Tunisians go to the polls today, and I go with them
By Mary Katharine Ham
Tabarka, Tunisia— If there is a place where the seedlings of the Arab Spring might avoid being burned to a crisp in the flames of Islamist zealotry, authoritarianism and chaos, it will likely be Tunisia, where it all started.
Since a young fruit vendor self-immolated in protest against the former oppressive Ben Ali regime in 2011, this relatively peaceful, modern North African country has plodded toward a liberal Constitution and free elections. This weekend, the country will go to the polls to choose its first freely elected president. A month ago, parliamentary elections went smoothly, granting a plurality of seats to a party composed of widely divergent ideological factions joined by by a determination to curb Islamist influence in the new government. The country’s first free legislative election was in 2011.
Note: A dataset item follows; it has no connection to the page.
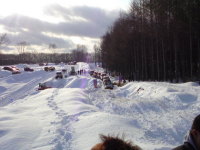 走ってなんぼ！？２００９　第１戦　無事終了しました！その後ダートコースに雪踏みに行きました！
I am here as an election observer with the International Republican Institute, a non-profit organization staffed by a bunch of interesting young people who believe in the universal allure of freedom and self-governance, while recognizing such inclinations toward freedom rarely come to fruition without serious work to build up election processes, political parties, potential candidates, and civil society organizations. I’ve been allowed to parachute into the country to see the fruits of their labor alongside the Tunisian people. Days before the election, the feeling in the country is not exactly euphoric. Cautious optimism abounds, as does healthy skepticism, and a fair amount of disillusionment, particularly among young people.
An election official in a western, agricultural area of Tunisia told me, “We are like babies taking our first steps in democracy.” Talking with hands that look years younger than his face, he explains through a translator the process by which his office is distributing ballots. Just outside his door, a list of poll workers’ names and assignments covers two wheeled bulletin boards for the public to inspect. Over his shoulder through his stark, white office’s only window, I can see a group of young boys playing soccer in the late-afternoon sun.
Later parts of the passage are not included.